▸ **Data listing**
<<<<
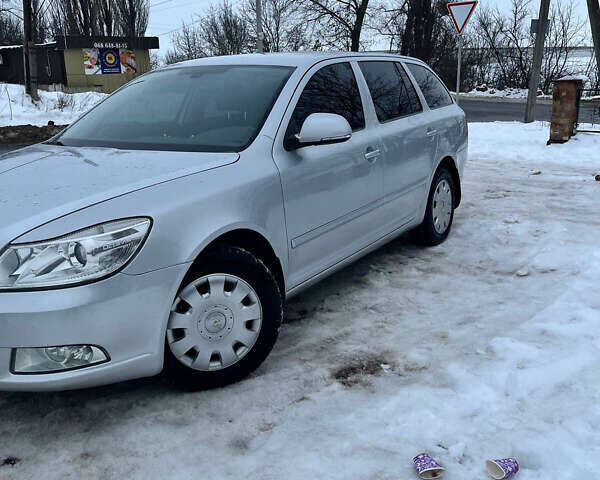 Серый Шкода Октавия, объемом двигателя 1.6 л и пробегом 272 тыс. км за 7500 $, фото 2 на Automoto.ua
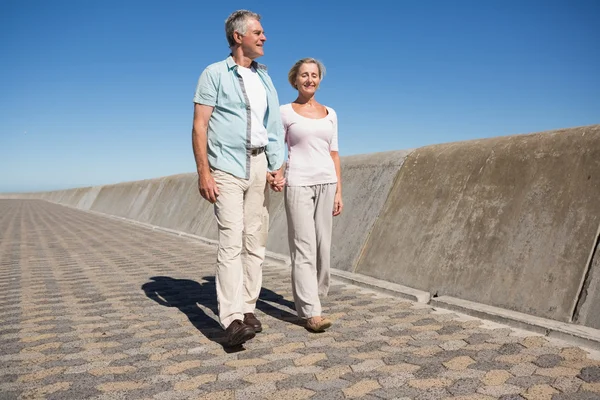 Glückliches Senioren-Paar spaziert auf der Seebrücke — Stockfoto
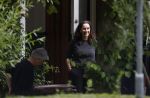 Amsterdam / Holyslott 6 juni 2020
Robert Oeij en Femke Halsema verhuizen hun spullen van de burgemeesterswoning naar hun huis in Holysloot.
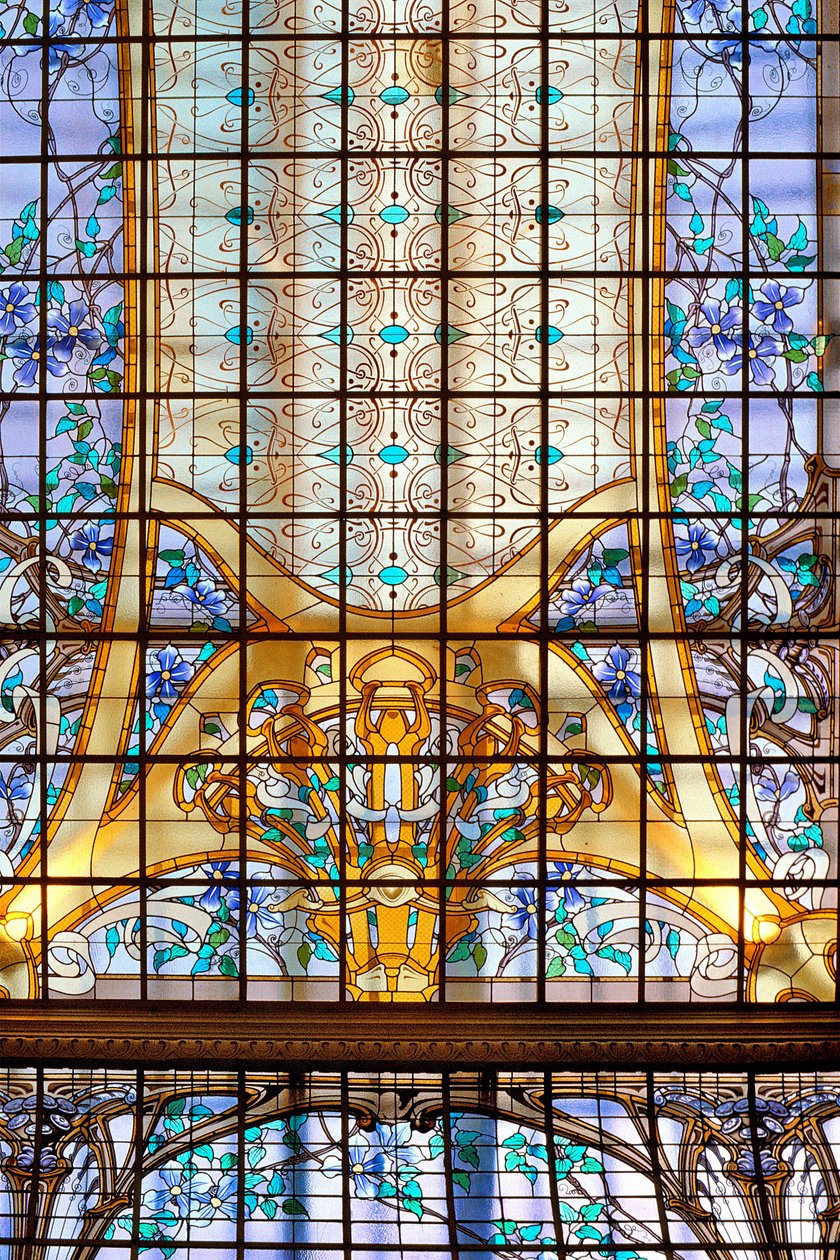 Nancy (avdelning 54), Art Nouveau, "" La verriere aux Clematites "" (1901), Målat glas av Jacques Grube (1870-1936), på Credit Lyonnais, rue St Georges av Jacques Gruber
>>>>
<<<<
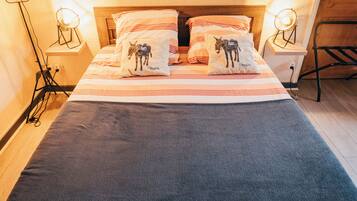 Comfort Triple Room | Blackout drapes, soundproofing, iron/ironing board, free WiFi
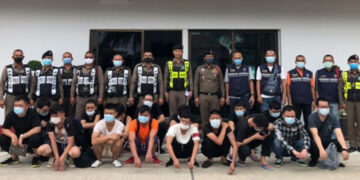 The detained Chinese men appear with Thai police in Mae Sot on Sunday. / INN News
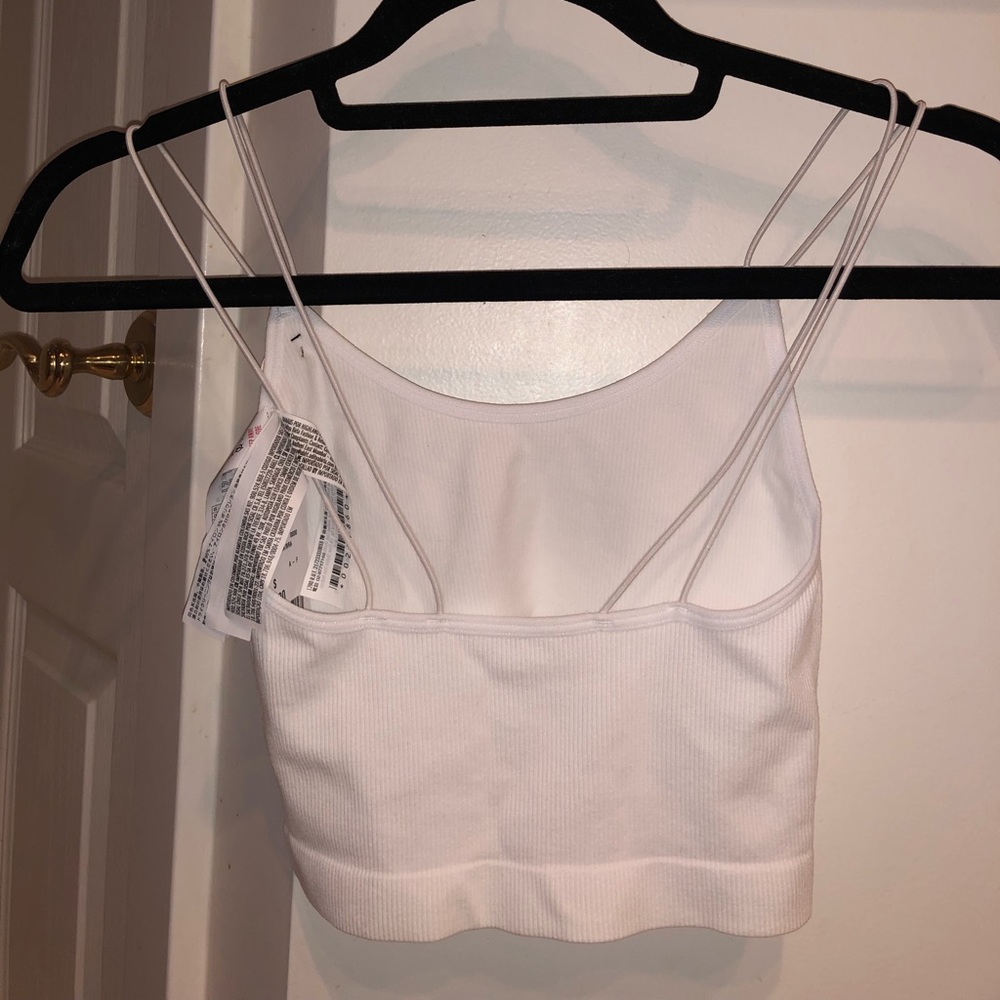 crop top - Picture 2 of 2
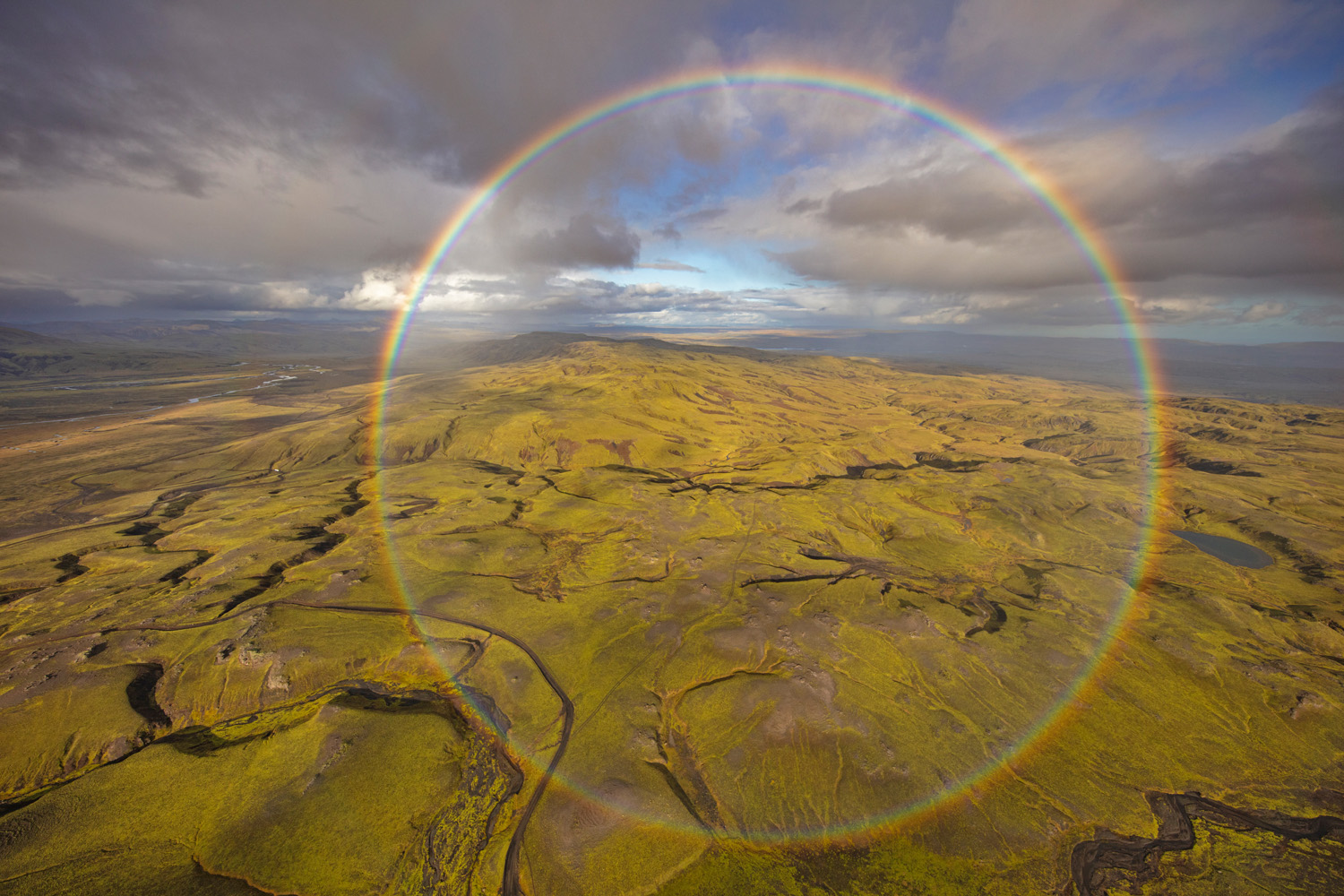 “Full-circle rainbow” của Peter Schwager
>>>>
▸ **About this task**
Print everything from the line with "Серый Шкода Октавия, объемом" down to the line with "Nancy (avdelning 54), Art" in the entries above, both lines included and nothing more, without the pictures.

▸ **Response to the task**
 Серый Шкода Октавия, объемом двигателя 1.6 л и пробегом 272 тыс. км за 7500 $, фото 2 на Automoto.ua
 Glückliches Senioren-Paar spaziert auf der Seebrücke — Stockfoto
 Amsterdam / Holyslott 6 juni 2020
Robert Oeij en Femke Halsema verhuizen hun spullen van de burgemeesterswoning naar hun huis in Holysloot.
 Nancy (avdelning 54), Art Nouveau, "" La verriere aux Clematites "" (1901), Målat glas av Jacques Grube (1870-1936), på Credit Lyonnais, rue St Georges av Jacques Gruber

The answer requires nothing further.